(Caption-style text data)
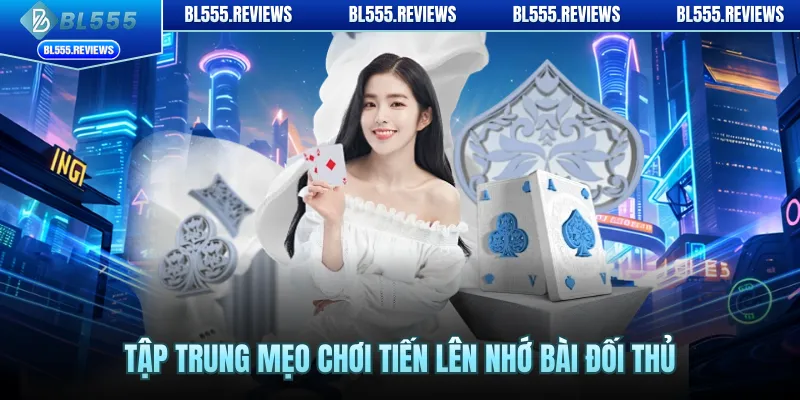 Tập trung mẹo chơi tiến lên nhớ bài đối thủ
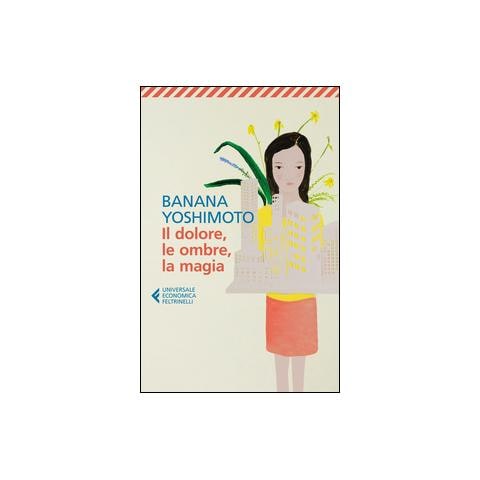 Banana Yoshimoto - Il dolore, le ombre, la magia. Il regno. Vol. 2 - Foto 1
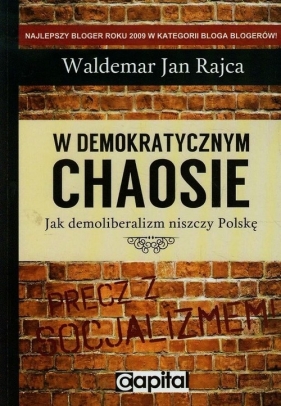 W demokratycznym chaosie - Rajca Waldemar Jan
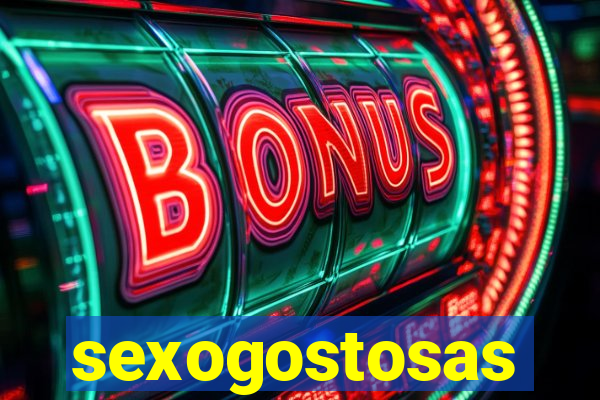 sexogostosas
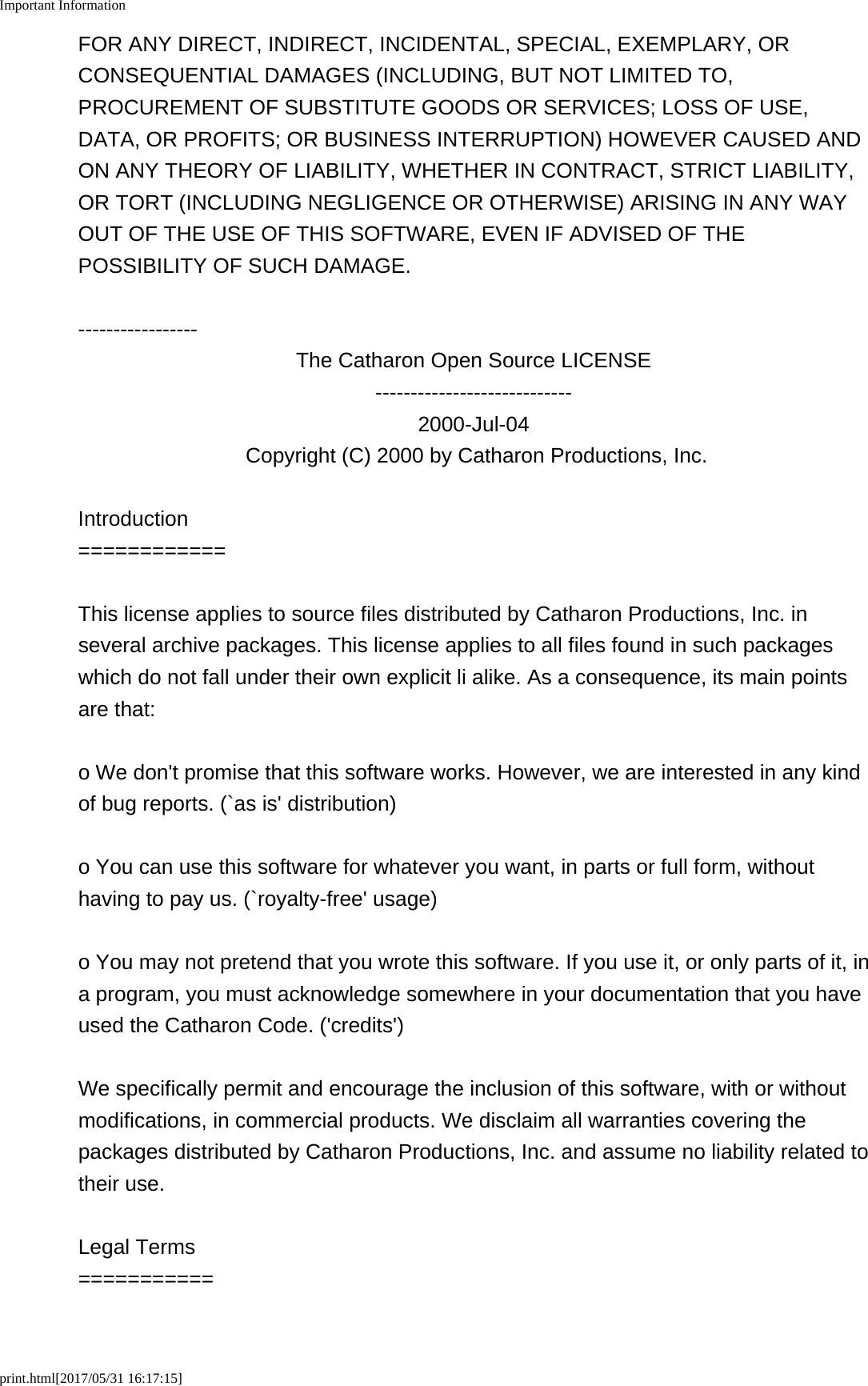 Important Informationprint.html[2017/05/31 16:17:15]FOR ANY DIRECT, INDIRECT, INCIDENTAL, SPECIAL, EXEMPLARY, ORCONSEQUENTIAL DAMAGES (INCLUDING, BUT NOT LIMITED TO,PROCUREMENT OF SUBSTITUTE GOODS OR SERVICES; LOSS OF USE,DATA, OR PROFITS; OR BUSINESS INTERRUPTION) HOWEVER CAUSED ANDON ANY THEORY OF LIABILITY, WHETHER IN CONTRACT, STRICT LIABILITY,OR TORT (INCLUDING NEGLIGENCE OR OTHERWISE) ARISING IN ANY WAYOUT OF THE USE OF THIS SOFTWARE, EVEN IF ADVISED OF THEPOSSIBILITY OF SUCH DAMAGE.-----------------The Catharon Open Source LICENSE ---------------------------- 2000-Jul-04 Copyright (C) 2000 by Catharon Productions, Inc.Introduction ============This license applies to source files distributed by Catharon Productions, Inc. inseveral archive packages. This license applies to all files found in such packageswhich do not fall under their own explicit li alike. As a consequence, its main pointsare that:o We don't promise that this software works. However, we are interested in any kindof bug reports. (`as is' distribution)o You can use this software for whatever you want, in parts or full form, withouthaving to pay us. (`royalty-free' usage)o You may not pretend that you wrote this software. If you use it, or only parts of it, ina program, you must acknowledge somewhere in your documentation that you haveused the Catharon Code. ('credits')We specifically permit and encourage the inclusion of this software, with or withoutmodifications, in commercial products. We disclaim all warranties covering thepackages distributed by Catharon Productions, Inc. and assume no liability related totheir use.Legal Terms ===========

[PROMPT]: Print every entry exactly as written, without the pictures.

[YOUR RESPONSE]:
 Tập trung mẹo chơi tiến lên nhớ bài đối thủ
 Banana Yoshimoto - Il dolore, le ombre, la magia. Il regno. Vol. 2 - Foto 1
 W demokratycznym chaosie - Rajca Waldemar Jan
 sexogostosas
 Important Informationprint.html[2017/05/31 16:17:15]FOR ANY DIRECT, INDIRECT, INCIDENTAL, SPECIAL, EXEMPLARY, ORCONSEQUENTIAL DAMAGES (INCLUDING, BUT NOT LIMITED TO,PROCUREMENT OF SUBSTITUTE GOODS OR SERVICES; LOSS OF USE,DATA, OR PROFITS; OR BUSINESS INTERRUPTION) HOWEVER CAUSED ANDON ANY THEORY OF LIABILITY, WHETHER IN CONTRACT, STRICT LIABILITY,OR TORT (INCLUDING NEGLIGENCE OR OTHERWISE) ARISING IN ANY WAYOUT OF THE USE OF THIS SOFTWARE, EVEN IF ADVISED OF THEPOSSIBILITY OF SUCH DAMAGE.-----------------The Catharon Open Source LICENSE ---------------------------- 2000-Jul-04 Copyright (C) 2000 by Catharon Productions, Inc.Introduction ============This license applies to source files distributed by Catharon Productions, Inc. inseveral archive packages. This license applies to all files found in such packageswhich do not fall under their own explicit li alike. As a consequence, its main pointsare that:o We don't promise that this software works. However, we are interested in any kindof bug reports. (`as is' distribution)o You can use this software for whatever you want, in parts or full form, withouthaving to pay us. (`royalty-free' usage)o You may not pretend that you wrote this software. If you use it, or only parts of it, ina program, you must acknowledge somewhere in your documentation that you haveused the Catharon Code. ('credits')We specifically permit and encourage the inclusion of this software, with or withoutmodifications, in commercial products. We disclaim all warranties covering thepackages distributed by Catharon Productions, Inc. and assume no liability related totheir use.Legal Terms ===========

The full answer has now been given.